Pelle's New Suit is a simple story about a boy who outgrows his clothes and uses wool from his sheep to make new ones. As the story takes us through the stages of shearing, carding, spinning, dying, weaving, and sewing required to make a suit, we also follow Pelle as his displays the ingeniousness, responsibility, independence and perseverance required to grow from a little boy (or girl) into a bigger one.
It is also a book about reciprocity--Pelle asks for help with the steps (most of them) he cannot complete himself, and in return helps those who are helping him. At the end of the story, Pelle stands tall in his new blue suit, and behind him stands the community that made it possible. All great stuff, beautifully illustrated and packed into a book suitable for two and three-year-olds! (Although almost seven-year-olds have been known to linger around to listen too...)
Another one of our favorite Elsa Beskow books for summer is The Flowers' Festival. In this book, a little girl named Lisa sits alone in the garden, wishing she could go to the Midsummer festival, when a flower fairy invites her to the flowers' Midsummer party instead. The flower fairy makes Lisa invisible and she spends her Midsummer's eve listening to songs and stories of flowers, birds, and bees.

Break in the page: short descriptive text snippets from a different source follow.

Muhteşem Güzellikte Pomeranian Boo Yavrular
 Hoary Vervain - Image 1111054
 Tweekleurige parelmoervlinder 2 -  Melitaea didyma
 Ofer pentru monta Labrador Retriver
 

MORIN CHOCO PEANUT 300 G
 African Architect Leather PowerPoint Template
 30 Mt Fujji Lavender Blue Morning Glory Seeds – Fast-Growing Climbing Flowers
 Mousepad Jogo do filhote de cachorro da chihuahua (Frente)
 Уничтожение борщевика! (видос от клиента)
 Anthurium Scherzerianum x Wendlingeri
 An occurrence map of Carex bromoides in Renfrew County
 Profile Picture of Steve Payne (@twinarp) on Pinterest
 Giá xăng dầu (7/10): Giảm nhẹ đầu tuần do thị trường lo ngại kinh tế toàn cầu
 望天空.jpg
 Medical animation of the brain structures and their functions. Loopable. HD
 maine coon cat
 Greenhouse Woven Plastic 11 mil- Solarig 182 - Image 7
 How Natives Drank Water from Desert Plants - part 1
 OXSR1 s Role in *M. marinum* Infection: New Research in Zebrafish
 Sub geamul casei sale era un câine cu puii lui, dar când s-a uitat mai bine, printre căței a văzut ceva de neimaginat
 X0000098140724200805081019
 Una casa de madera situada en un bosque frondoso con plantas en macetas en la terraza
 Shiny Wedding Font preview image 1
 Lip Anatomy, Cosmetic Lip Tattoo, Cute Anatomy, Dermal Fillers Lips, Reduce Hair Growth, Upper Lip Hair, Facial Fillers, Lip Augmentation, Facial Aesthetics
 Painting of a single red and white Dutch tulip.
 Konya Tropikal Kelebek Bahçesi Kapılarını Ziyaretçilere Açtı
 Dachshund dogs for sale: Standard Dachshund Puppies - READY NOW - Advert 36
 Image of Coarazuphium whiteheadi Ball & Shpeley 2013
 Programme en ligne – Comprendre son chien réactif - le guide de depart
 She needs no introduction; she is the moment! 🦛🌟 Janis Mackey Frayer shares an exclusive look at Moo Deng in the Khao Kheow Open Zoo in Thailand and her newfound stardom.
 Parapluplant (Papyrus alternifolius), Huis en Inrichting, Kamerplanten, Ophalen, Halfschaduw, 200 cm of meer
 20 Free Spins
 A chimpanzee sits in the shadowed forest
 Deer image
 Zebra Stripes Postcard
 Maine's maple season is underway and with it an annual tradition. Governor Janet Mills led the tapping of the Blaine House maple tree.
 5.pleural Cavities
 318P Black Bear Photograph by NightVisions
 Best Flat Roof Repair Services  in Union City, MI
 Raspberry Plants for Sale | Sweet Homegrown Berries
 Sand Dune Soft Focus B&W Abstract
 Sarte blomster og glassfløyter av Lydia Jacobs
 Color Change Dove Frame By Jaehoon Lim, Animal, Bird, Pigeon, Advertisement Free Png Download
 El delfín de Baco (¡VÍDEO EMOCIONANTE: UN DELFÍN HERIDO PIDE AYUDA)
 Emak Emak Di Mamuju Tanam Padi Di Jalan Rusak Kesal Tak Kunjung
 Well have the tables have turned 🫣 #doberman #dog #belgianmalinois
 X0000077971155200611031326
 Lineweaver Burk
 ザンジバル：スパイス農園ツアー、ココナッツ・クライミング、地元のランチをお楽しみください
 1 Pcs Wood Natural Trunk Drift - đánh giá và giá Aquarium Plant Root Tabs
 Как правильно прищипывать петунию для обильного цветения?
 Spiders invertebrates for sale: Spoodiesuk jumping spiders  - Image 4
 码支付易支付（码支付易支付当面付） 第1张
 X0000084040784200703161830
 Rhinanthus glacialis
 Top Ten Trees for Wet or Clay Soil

Elsa Beskow has many, many seasonal books about different children being given temporary ability to see and converse with fruit bushes, flowers, and trees, and I love each and every one for its ability to imbue children (and adults) with the life that goes on all around us. With all her anecdotes of the relations between the vegetables and flowers, Beskow magnifies the qualities of all the plants, letting us feel the shyness of the wintergreen, or the hidden beauty of vetch. We walk out into the world feeling like we know these flowers--not only their names (which she lists as the flowers walk out in there processions...first the meadow flowers, then the forest flowers, then the lake flowers...), but their essence. And we love them.